*** Opening DATA SHOWN ***

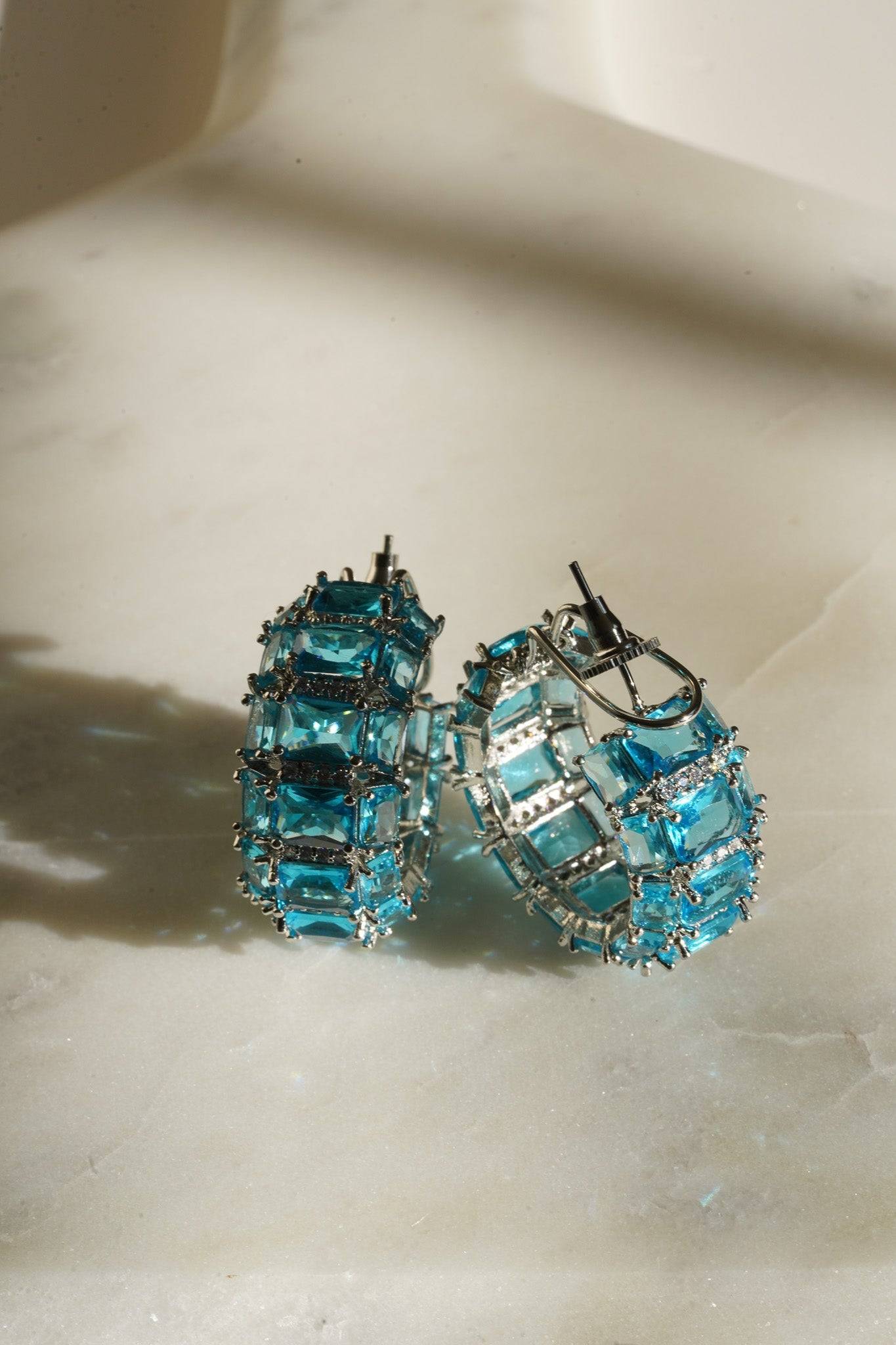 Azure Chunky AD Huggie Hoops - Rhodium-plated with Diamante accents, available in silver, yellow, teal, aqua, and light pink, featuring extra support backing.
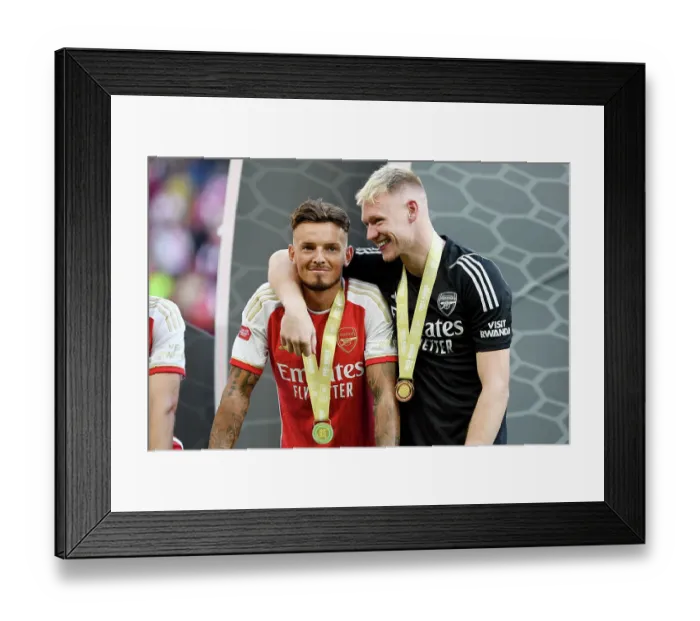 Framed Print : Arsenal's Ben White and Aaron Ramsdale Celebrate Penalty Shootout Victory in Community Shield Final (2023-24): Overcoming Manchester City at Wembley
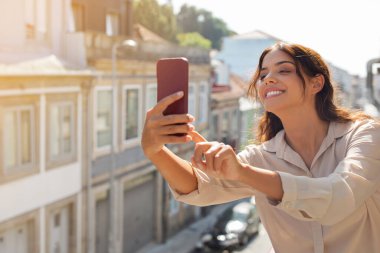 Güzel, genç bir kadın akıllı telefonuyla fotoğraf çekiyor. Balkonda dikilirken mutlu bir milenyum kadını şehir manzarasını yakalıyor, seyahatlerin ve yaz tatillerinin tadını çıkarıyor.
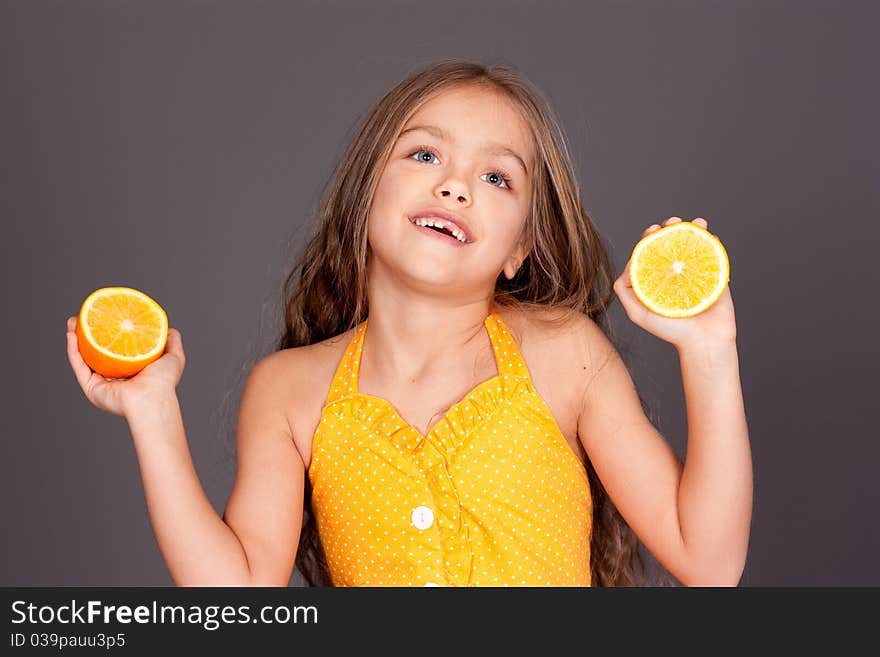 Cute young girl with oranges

*** Closing DATA SHOWN ***

→ WORK ORDER: Set the material down exactly, images excluded.

→ RESPONSE FOR THIS EXERCISE:
 Azure Chunky AD Huggie Hoops - Rhodium-plated with Diamante accents, available in silver, yellow, teal, aqua, and light pink, featuring extra support backing.
 Framed Print : Arsenal's Ben White and Aaron Ramsdale Celebrate Penalty Shootout Victory in Community Shield Final (2023-24): Overcoming Manchester City at Wembley
 Güzel, genç bir kadın akıllı telefonuyla fotoğraf çekiyor. Balkonda dikilirken mutlu bir milenyum kadını şehir manzarasını yakalıyor, seyahatlerin ve yaz tatillerinin tadını çıkarıyor.
 Cute young girl with oranges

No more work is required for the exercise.